03.09.10 | IL Y A DEUX ANS, Jean-Jacques Aillagon, président du domaine de Versailles, s’interrogeait dans le Figaro : « L’art contemporain au cœur du patrimoine n’est-il pas en train de devenir une tarte à la crème ? Il faut que ça reste, tout comme Versailles, un acte exceptionnel » [1]. La troisième édition de Versailles Off centrée sur un artiste vivant est imminente - cette année, le Japonais Takashi Murakami - et la formule, au dire de son président, s’essoufflerait. C’est ce qu’il a déclaré à l’AFP dernièrement : « Je crois qu’il faut considérer que c’est la dernière fois que l’exposition a lieu dans les appartements royaux car cela devient répétitif. Il faudra trouver autre chose à l’intérieur, d’autres formules, car sinon cela devient un peu bégayant » [2].

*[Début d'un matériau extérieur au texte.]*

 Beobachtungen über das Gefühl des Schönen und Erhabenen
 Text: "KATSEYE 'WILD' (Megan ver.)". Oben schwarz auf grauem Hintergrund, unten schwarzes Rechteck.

Une chose est sûre, bégayante, la communication officielle du Château l’est déjà. Pour preuve, le texte de présentation de Jean-Jacques Aillagon lui-même qui commence cette année par une formule de bon élève - « Versailles a su, de tout temps, convoquer les meilleurs créateurs... » - sensiblement la même que celle de l’année dernière : « Versailles a de tout temps cristallisé la création française et internationale ». S’en suivent, dans les deux cas, la liste d’artistes qui se sont succédés à Versailles depuis Louis XIV. Malgré quelques mots changés ici ou là - on a bien noté international à la place de mondial - les deux textes sont quasi identiques. Reconnaissons au moins à Jean-Jacques Aillagon d’avoir personnalisé sa prose dans le dernier paragraphe [3].

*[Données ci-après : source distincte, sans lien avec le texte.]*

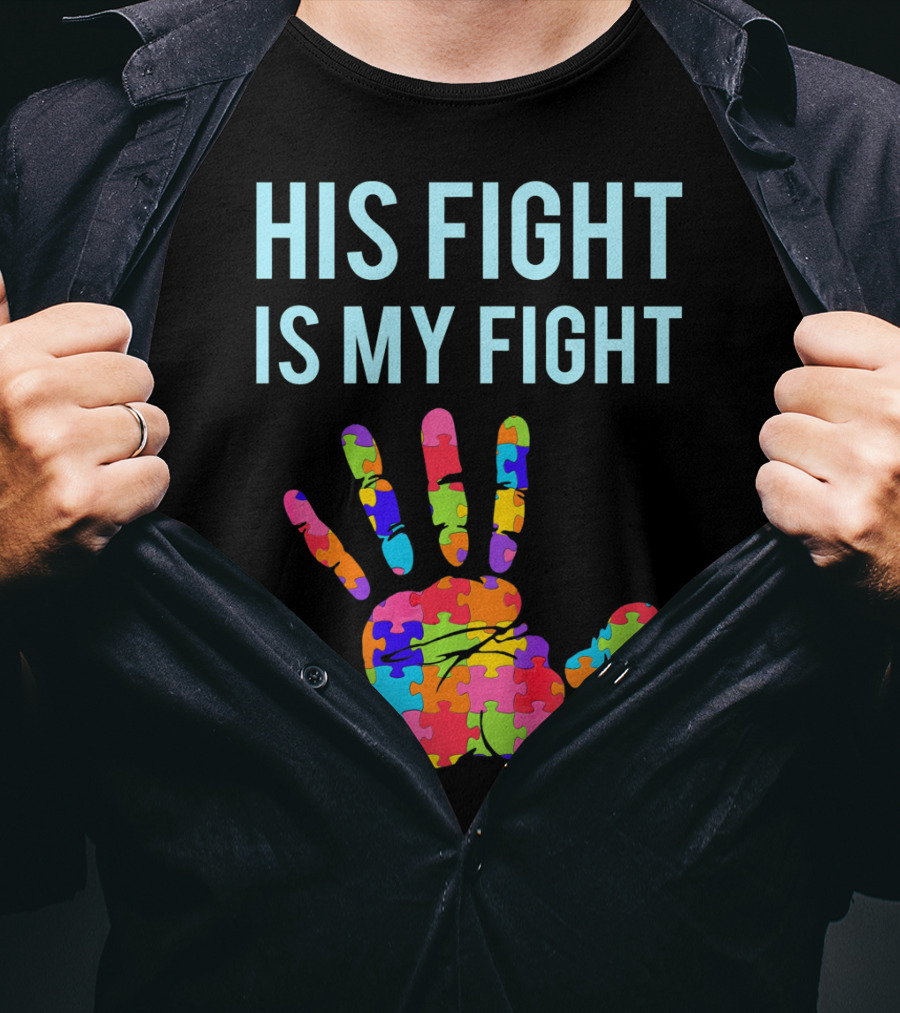 His Fight Is My Fight Autism Support Puzzle Handprint T-Shirt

Ce qui est à peine le cas de Laurent Le Bon, commissaire de l’exposition Murakami, comme de tous les événements d’art contemporain à Versailles et désormais connu du grand public comme directeur du Centre Pompidou-Metz. On ne peut pas vraiment dire qu’il se soit foulé. Sous sa plume, les artistes, et leurs oeuvres, deviennent interchangeables. Que ce soit pour la présentation de Jeff Koons Versailles en 2008, Veilhan en 2009 et maintenant Murakami, il s’agit strictement du même texte à quelques lignes près, lui-même recyclé d’un texte (très pertinent au demeurant) rédigé pour la première édition Versailles Off de 2004. Laurent Le Bon crée la présentation formulaire, ce qui va grandement faciliter le travail des journalistes. A lire l’interview imaginaire qu’il nous a accordé sur la base de ses écrits, ou plutôt de son écrit.
Toujours innovant, Versailles invente donc la communication durable, recyclable d’une année sur l’autre. Ce qui économise les neurones et qui ne préjuge en rien de l’investissement des personnes mais le procédé est pour le moins curieux, tant vis-à-vis des artistes que du public. Mais après tout, c’est juste une question d’emballage.
MISE-EN-SCÈNE MÉDIATIQUE
Bégayante, avant même le démarrage de l’événement, la presse l’est tout autant. Le plan comm’ du château à peine lancé, on retrouve partout les mêmes informations empruntes d’un certain manichéisme, à quelques exceptions près. Tout part de deux dépêches AFP publiées le même jour, 27 août. L’une, interview complaisante du président du Château, intitulée « Art contemporain à Versailles : »une invitation à l’intelligence« selon Jean-Jacques Aillagon ». La question la plus audacieuse de l’agence d’Etat aura été de lui demander s’il est vrai qu’il a fait retirer les livres d’or « comme le disent les opposants à l’exposition Murakami », ce à quoi il répond que oui parce qu’il trouve « cette pratique un peu niaise, bébête et peu utile ». Bien anecdotique quand on se souvient de la chape de censure qui était tombée sur le château à l’occasion de Jeff Koons Versailles, jusqu’à être dénoncée dans Le Canard Enchaîné [4].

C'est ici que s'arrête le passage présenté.